Barry Dickins (born 1949) is a prolific Australian author, artist, playwright and journalist, possibly best known for his historical stage drama Remember Ronald Ryan, a dramatization of the life and subsequent death of Ronald Ryan, the last man executed in Australia.
He was born in the Melbourne suburb of Reservoir. Leaving school early he worked in a factory and then as a set-painter for television. Through his association with La Mama Theatre, his first play, a translation of Ibsen's Ghosts, was performed in 1974. He has subsequently written a further nine plays. His play Remember Ronald Ryan won him the 1995 Victorian Premier's Literary Award. He has also written short stories, biography and other non-fiction and children's books.
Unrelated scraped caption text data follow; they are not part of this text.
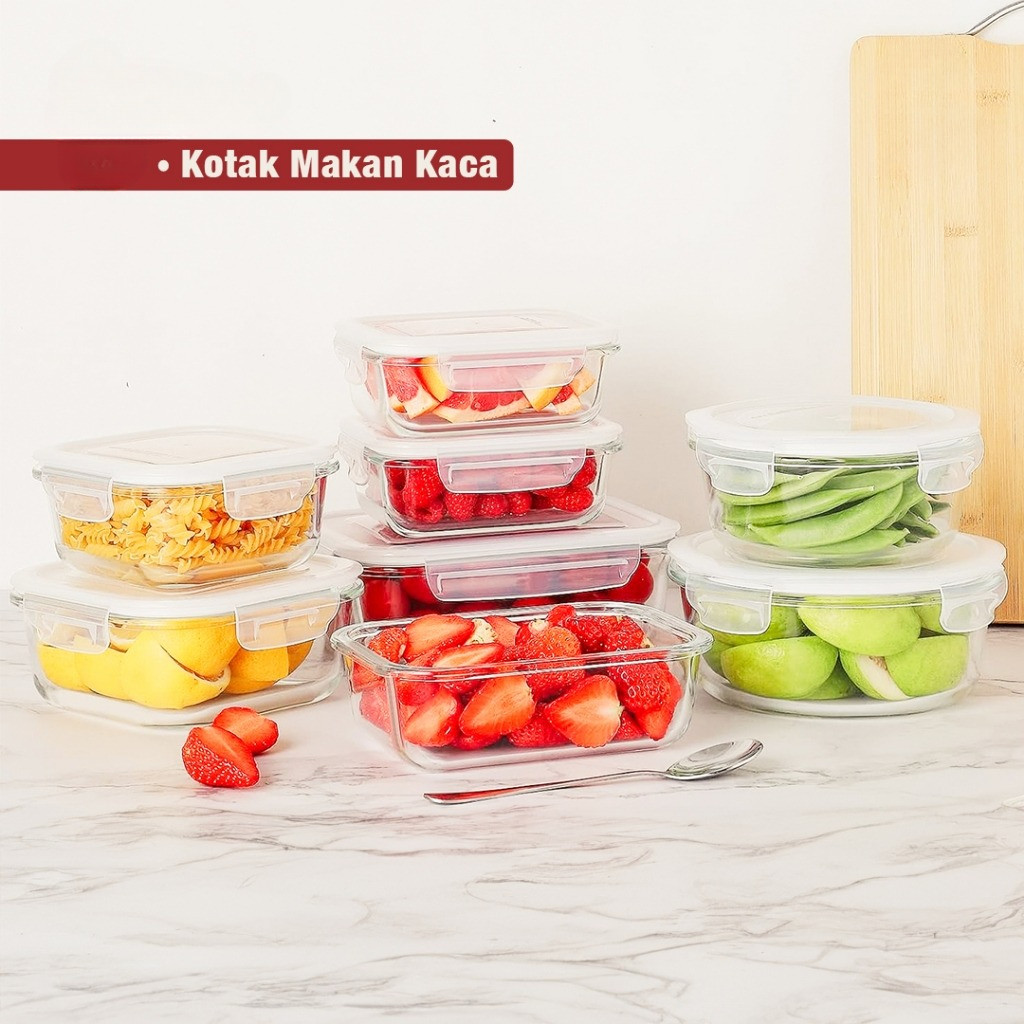 Lunch Box Kotak Penyimpanan Makan Bahan Kaca Microwave Oven Safe Bersekat /Lunch box estetik/lunch b
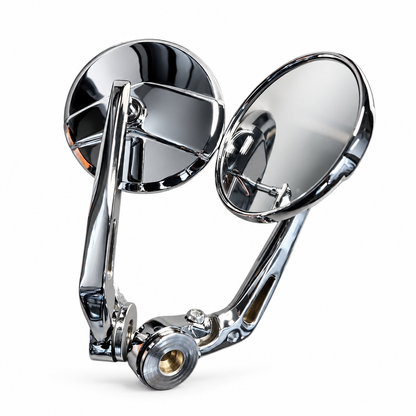 BAR END SIDE MIRRORS – CHROME SET OF -2 (ROYAL ENFIELD) COMPATIBLE FOR GT 650 / INTERCEPTOR 650 / HUNTER 350 / SUPER METEOR 650 / CLASSIC 350 / REBORN / METEOR 350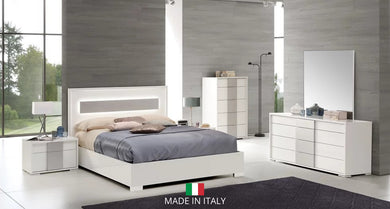 Viola White/Grey LED Italian Bedroom Set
On two occassions, Dickins has ventured into acting: During the early years of his career, he appeared in Barry Oakley's The Ship's Whistles, at the Pram Factory Front Theatre in 1978, with Paul Hampton as director. He then made an appearance in a 1985 revival of Graeme Blundell's Balmain Boys Don't Cry (renamed The Balmain Boys) at the Kinsela's Cabaret Theatre in Darlinghurst, New South Wales. He recently performed a dramatic reading of his new monologue, Ryan (a continuation of his earlier work Remember Ronald Ryan), which was performed as part of a QandA event held at Melbourne based bookshop, Collected Works.
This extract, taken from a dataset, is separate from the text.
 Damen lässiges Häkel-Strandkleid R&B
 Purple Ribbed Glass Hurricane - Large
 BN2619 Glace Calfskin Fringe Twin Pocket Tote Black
In 2009, he published his memoirs Unparalleled Sorrow, which discusses his career and his battle with depression. 2015 will see the publication by Black Pepper publishing of A Line Drawing of My Father, a memoir of the authors' father Len Dickins who served in the Second World War and was a commercial printer thereafter. It also gives a portrait of the working class northern suburbs of Melbourne.
He is now writing for Fairfax Media in the Sunday Age as a Journalist.